Conforme adiantou o Valor na sexta, a cúpula da Câmara discorda da proposta da Fazenda de cobrar uma alíquota de 10% sobre a antecipação do pagamento de Imposto de Renda (IR) dos fundos exclusivos e deve reduzi-la a 6%, mesmo patamar aprovado pela casa em 2021 na reforma do Imposto de Renda. Os 6%, lembram fontes, foram o percentual combinado com representantes do mercado financeiro na época. A cobrança, contudo, nunca chegou a ocorrer porque o Senado travou a reforma da tributação sobre a renda.
Atualmente, os fundos exclusivos só recolhem IR quando são encerrados ou quando os recursos são sacados. O governo pretende que eles passem a ser tributados periodicamente, como ocorre no sistema “come-cotas”, e enviará uma MP com este objetivo. O texto também vai propor a tributação do estoque de rendimentos. Com isso, a Fazenda espera arrecadar R$ 3 bilhões ainda em 2023 e pouco mais de R$ 7 bilhões no ano que vem.

Governistas acreditam que a mudança pode se tornar um novo foco de embate entre os deputados e o ministro da Fazenda, Fernando Haddad, mas líderes partidários ressaltam que já teria ocorrido acordo nos bastidores com o secretário-executivo do ministério, Dario Durigan, para a redução, apurou o Valor. Durigan liderou as negociações, pois Haddad acompanhou o presidente Luiz Inácio Lula da Silva (PT) em viagem à África.
Já a tributação das “offshores” foi enviada inicialmente pelo governo como medida provisória, mas terá de ser convertida em projeto de lei, a pedido do Congresso. Lira já sinalizou que o texto terá de deixar de considerar os ganhos com variação cambial da “offshore” para fazer a tributação. A ideia da Fazenda era que a variação cambial do recurso investido no exterior compusesse o ganho de capital tributável. A expectativa de arrecadação era de R$ 3,6 bilhões.

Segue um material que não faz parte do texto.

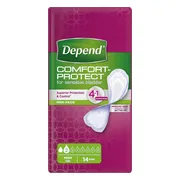 Depend Pads Mini 14ST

Há, ainda, o projeto de lei que vai propor o fim dos juros sobre capital próprio (JCP), mecanismo usado por grandes empresas para se financiar e reduzir o pagamento de IR. O Valor apurou que ainda não há acordo. A Fazenda vai sugerir o fim do mecanismo, mas o assunto não foi discutido com Lira nas reuniões da semana passada.

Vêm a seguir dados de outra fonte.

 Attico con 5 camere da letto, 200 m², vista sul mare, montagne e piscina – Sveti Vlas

Na reforma do IR, a Câmara chegou a aprovar o fim deste instrumento, mas, como contrapartida, havia uma redução no Imposto de Renda da Pessoa Jurídica, o que não ocorrerá neste momento.
Haverá, ainda, uma medida provisória para tratar da tributação de benefícios fiscais concedidos pelos Estados no Imposto sobre a Circulação de Mercadorias e Serviços (ICMS), apurou o Valor. Esse tema foi decidido em abril pelo Superior Tribunal de Justiça (STJ) a favor da União, mas a Fazenda regulamentará a questão para garantir a arrecadação, além de abrir transação tributária para débitos antigos. Haddad vem falando em arrecadar até R$ 90 bilhões, mas o valor que deve ir na peça orçamentária deve girar em R$ 50 bilhões.
Se são seis as medidas que ainda dependem do Congresso, por outro lado, as novas regras para preço de transferência já viraram lei. O governo apoiou uma medida provisória enviada pelo governo anterior ao Congresso. Essa MP já foi aprovada e sancionada. Falta a regulamentação da Receita Federal.
O preço de transferência é o nome dado à forma de apuração de parte do lucro das multinacionais para fins de pagamento do IR e CSLL. O governo vem falando em uma arrecadação adicional de R$ 25 bilhões por ano com a mudança nas regras de cálculo.